At that moment, a bullet hit my helmet. All time stood still as I felt it pierce the metal, enter and then exit on the other side. My face became filled with blood. Stumbling, I sprained my ankle and fell down.

“Kosta, are you hurt? Stay there, I’m coming?” Yianni shouted.

“Go! There are coming,” I rasped urgently.

“Can you drag yourself here? I’ll give you some covering fire,” Yianni insisted as the bullets danced around us madly.

“Take cover, you are going to get yourself killed,” I cried.

Ignoring me, Yianni began to approach me.

“Lie down ! You are going to get shot,” my voice steadily crescendoed into a roar of despair. It was too late. Yianni was lying at my feet dead. A bullet had hit him square in the forehead, whereas in my case, it had only grazed my scalp.
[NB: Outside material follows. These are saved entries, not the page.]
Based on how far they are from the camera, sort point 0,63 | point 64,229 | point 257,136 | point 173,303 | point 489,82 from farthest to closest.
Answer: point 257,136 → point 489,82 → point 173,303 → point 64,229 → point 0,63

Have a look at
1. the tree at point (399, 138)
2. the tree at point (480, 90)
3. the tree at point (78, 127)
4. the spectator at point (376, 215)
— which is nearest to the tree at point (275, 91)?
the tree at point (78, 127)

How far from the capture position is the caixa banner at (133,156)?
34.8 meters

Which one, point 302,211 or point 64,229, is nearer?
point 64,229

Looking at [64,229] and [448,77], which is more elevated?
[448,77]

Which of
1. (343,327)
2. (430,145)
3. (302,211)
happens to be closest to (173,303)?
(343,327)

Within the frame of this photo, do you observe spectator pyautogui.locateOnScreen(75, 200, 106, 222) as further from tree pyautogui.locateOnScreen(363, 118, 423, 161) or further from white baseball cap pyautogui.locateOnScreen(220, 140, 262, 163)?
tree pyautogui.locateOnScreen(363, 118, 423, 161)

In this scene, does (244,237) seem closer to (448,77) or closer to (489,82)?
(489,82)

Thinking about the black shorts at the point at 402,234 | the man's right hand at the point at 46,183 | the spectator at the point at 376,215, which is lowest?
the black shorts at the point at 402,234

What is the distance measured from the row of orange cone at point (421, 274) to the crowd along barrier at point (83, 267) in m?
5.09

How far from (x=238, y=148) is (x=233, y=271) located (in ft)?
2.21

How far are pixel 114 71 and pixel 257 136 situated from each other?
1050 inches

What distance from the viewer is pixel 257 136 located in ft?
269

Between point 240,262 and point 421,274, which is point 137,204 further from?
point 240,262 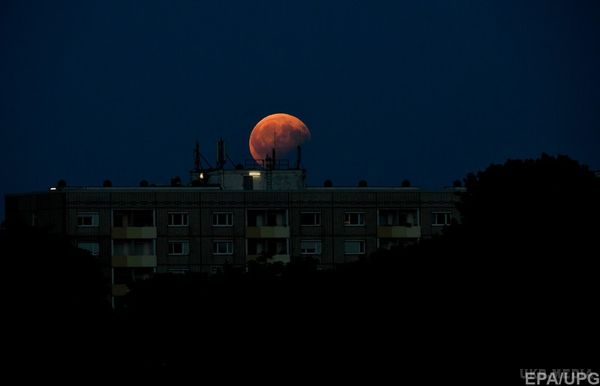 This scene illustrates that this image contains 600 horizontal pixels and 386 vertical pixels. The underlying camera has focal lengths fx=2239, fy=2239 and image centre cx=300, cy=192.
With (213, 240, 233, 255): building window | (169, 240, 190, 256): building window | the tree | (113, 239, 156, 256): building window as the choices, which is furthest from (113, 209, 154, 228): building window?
the tree

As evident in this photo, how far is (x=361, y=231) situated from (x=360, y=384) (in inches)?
2664

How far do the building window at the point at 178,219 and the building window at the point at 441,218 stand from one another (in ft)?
54.8

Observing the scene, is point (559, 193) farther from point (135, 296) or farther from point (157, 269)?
point (157, 269)

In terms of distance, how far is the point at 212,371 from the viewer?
93125mm

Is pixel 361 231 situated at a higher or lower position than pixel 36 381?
higher

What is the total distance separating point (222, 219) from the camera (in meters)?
149

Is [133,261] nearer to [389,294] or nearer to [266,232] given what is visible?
[266,232]

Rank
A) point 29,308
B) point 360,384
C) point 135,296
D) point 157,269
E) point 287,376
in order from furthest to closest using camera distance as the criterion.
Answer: point 157,269 → point 135,296 → point 29,308 → point 287,376 → point 360,384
He died because when I made my vow, I didn’t ask Panayia to protect him, the boy who had dragged me out of the ruins of my family home in Aydin, who picked me up as I stumbled when the Turks were after us. I only thought of myself. That’s why I say it is a cursed vow.

“A vow is a vow and you need to fulfil it. Now,” I urged him. Your grandfather sent to the monastery of Panayia Spiliani, near Pythagoreio, the candle was lit and your father came into this world. That’s why I’m telling you: Go to church, light a candle and receive her blessing.”

The evening before my grandmother passed away, her face was bathed in an otherworldly light. Calm and serene, she grabbed my arm tightly when I leant forward to kiss her and whispered in my ear:

“I’m going soon. I saw your grandfather in a dream last night. He was holding a broom and when I asked what he was doing, he said: “I’m sweeping a path for you.” Now listen. If for whatever reason the road takes you up those mountains, light a candle for the repose of your grandfather’s friend’s soul. Otherwise, only the Lord knows how am I going to bear your grandfather’s sighs and groans for an eternity…”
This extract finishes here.